Maid has left, so we have to do chores now. my mum has some sort of tendonitis in her right wrist, so I'm trying to help with stuff that requires extertion of right-hand. like chopping all the vegetables. and carrying water. and sweeping floor. But mostly during the day I just hide in the air-conditioned study room and play with the computer.... too hot to contemplate going out.

Local Food:
Fabulous. The only reason why I drag myself outta the house. 1st day I had hokkien mee at MP central, next day I had Prawn mee at Joo Chiat. Today I had char kuay teow for lunch n went to some hainanese zi-char place for dinner... have many many other things to eat b4 I can go back.

Family:
the same. everyone seems fairly busy.

Other thoughts:
um. dunno. so far have been slightly successful at avoiding mosquitoes. only get about 5 bites a day, instead of my usual 10-15... I hate mosquitoes. but the ones here are very sneaky. Commando mosquitoes. unseen and unheard.

Have to email more people. Need to see them b4 I go back.
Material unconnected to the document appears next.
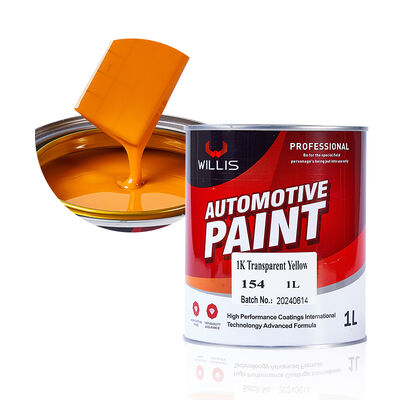 Tinta Automotiva Willis 1K Basecoat para Repintura Cor Sólida Resina Acrílica 1K 2K Revestimento Amarelo Transparente Tinta para Reparo Automotivo China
Now that I don't have to work, I'm actually reading more Immunology! strange. last week I couldn't even bring myself to look at science.

Saturday, June 24, 2006

Lost and Delirious

these days I feel increasingly lost n delirious. So. decided to rewatch the movie in hope of.. um. not sure what I was hoping for. but it's a good movie. with all these Shakespearean references. I read an interview with the director (Lea Pool), who was asked why is it that all her films show love-gone-awry. And she said,"I’m not interested in fairytales and I don’t see myself in the moral duty of creating positive paradigms... Loving excessively, loving badly, is a universal, touching theme."


--------------------

twelfth night
Act 1.Scene 5

Viola:
Make me a willow cabin at your gate,
And call upon my soul within the house;
Write loyal cantons of contemned love
And sing them loud even in the dead of night;
Halloo your name to the reverberate hills
And make the babbling gossip of the air Cry out 'Olivia!'

-----------
'Pauline Oster' in Lost n Delirious

Liar! Liar! Liar! Liar! You
hold your heads up in your
assholes because LOVE IS!
It just IS!!! And nothing you
can say can make it go away!.
Because it is the point of why
we are here. It is the highest
point and once you are up
there, looking down at everyone
else, you're there forever...
If you move, right? You fall...you fall...

-----------------
Macbeth
Act , scene 5

Lady McBeth:

Come, you spirits
That tend on mortal thoughts, unsex me here,
And fill me from the crown to the toe top-full
Of direst cruelty! make thick my blood;
Stop up the access and passage to remorse,
That no compunctious visitings of nature
Shake my fell purpose, nor keep peace between
The effect and it!
Come to my woman's breasts,
And take my milk for gall, you murdering ministers,
Wherever in your sightless substances
You wait on nature's mischief!
Come, thick night,
And pall thee in the dunnest smoke of hell,
That my keen knife see not the wound it makes,
Nor heaven peep through the blanket of the dark,
To cry 'Hold, hold!'

-----------------
Antony and Cleopatra
Act 4, Scene 13

Cleopatra
O sun, Burn the great sphere thou movest in! darkling stand the varying shore o' the world.
O Antony, Antony, Antony!
shall I abide in this dull world, which in thy absence is no better than a sty?
Then is it sin
To rush into the secret house of death,
Ere death dare come to us?

Sunday, June 18, 2006

lost

Feel a little lost.
1) Lisa is on her way to Honduras for 2 wks
2) It's Sunday night, don't wanna work
3) Don't have any emails to read, dun wanna read or surf the net.
4) No current DVDs to watch
5) feel like blogging but not sure what to say.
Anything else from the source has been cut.